● **REQUIRED ACTION**
Below are entries. Give back exactly the lines from the one containing "Star TrekInsurrection" through the one containing "Tampilan menarik dari", inclusive, without the pictures.

● **RECORD EXCERPTS**
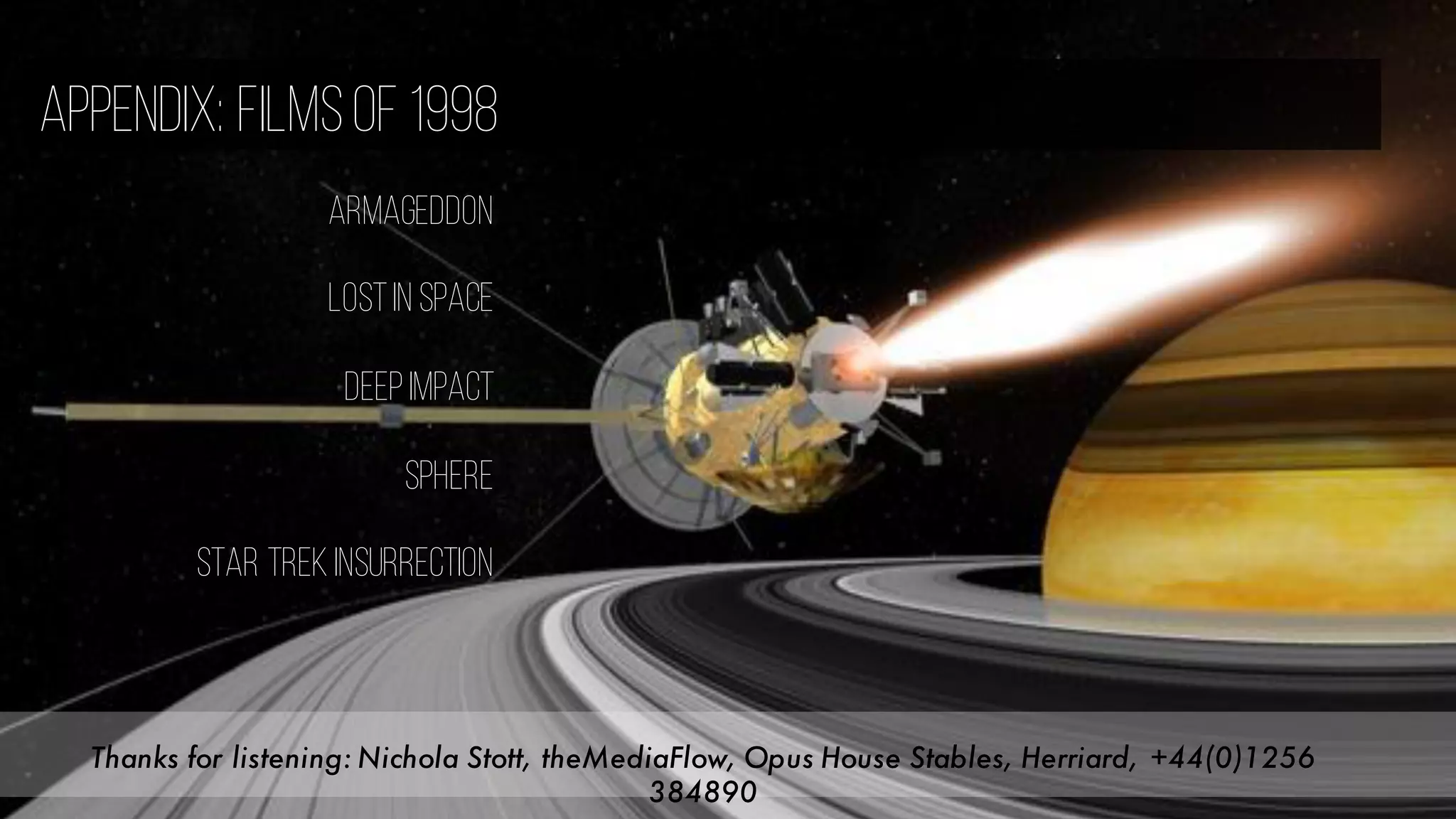 Armageddon
Lostin Space
DeepImpact
Sphere
Star TrekInsurrection
Appendix: Filmsof 1998
Thanks for listening: Nichola Stott, theMediaFlow, Opus House Stables, Herriard, +44(0)1256
384890
 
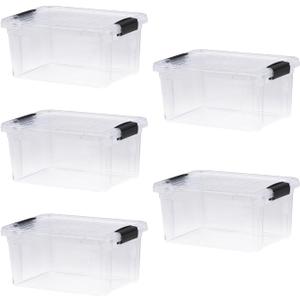 Superio Clear Storage Boxes with Lids, 6.75 Quart Plastic Container Bins for Organizing, Stackable Crates, BPA Free, Non Toxic, Odor Free, Organizers for Home, Office and Dorm, 5 Pack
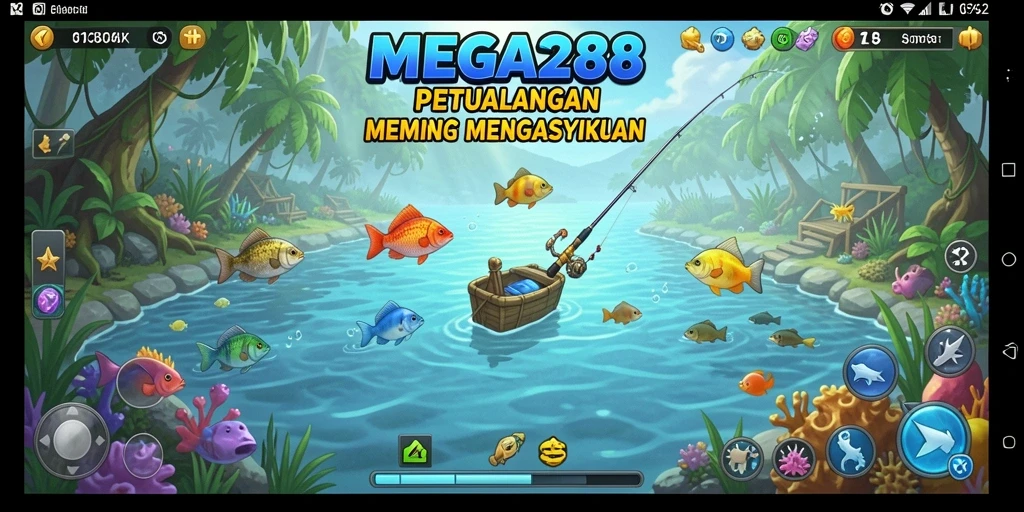 Tampilan menarik dari gameplay memancing di MEGA288.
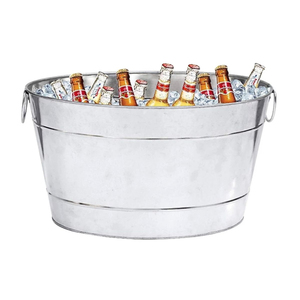 Bac à boissons en métal galvanisé de qualité supérieure avec poignées en bois et ouvre-bouteille intégré, résistant à la rouille, étanche, grand seau à glace - Product Image 4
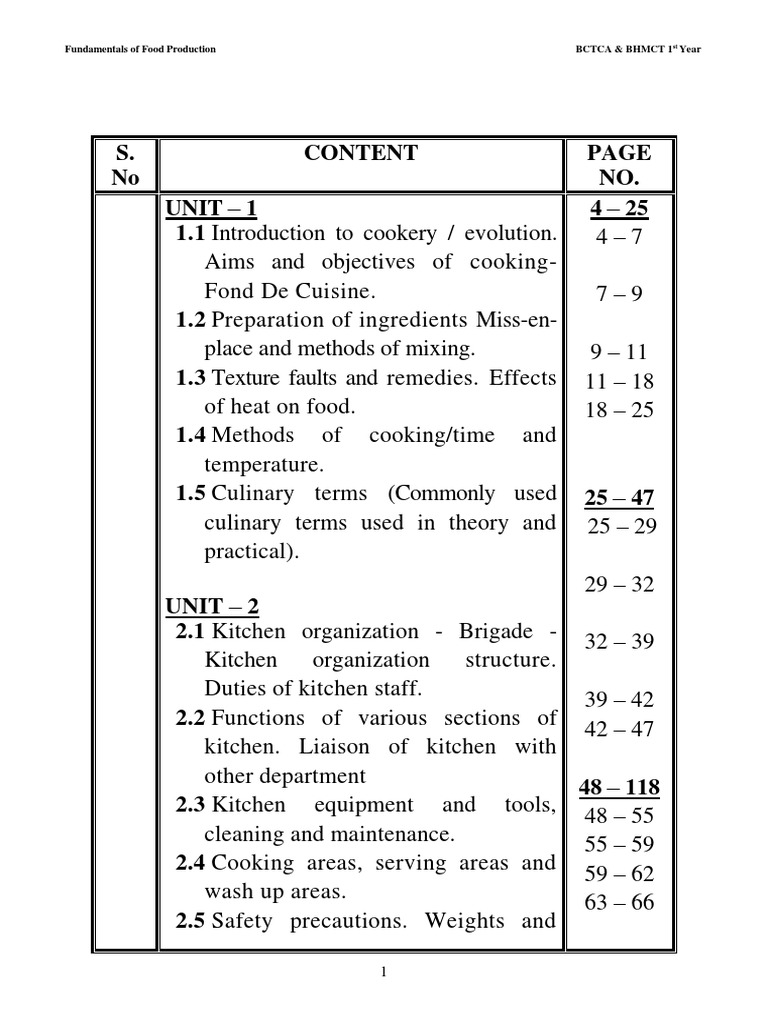 1st Year BCT & BHM FPP Notes-1 | PDF | Roasting | Boiling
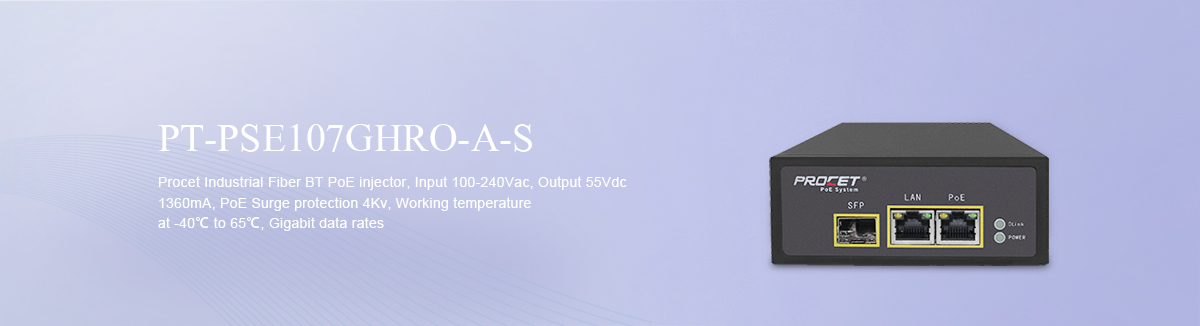 PT-PSE107GHRO-A-S 75W SFP PoE Converter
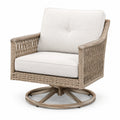 Poltrona girevole in legno e rattan con cuscini beige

● **ANSWER AREA**
Star TrekInsurrection
Appendix: Filmsof 1998
Thanks for listening: Nichola Stott, theMediaFlow, Opus House Stables, Herriard, +44(0)1256
384890
 
 Superio Clear Storage Boxes with Lids, 6.75 Quart Plastic Container Bins for Organizing, Stackable Crates, BPA Free, Non Toxic, Odor Free, Organizers for Home, Office and Dorm, 5 Pack
 Tampilan menarik dari gameplay memancing di MEGA288.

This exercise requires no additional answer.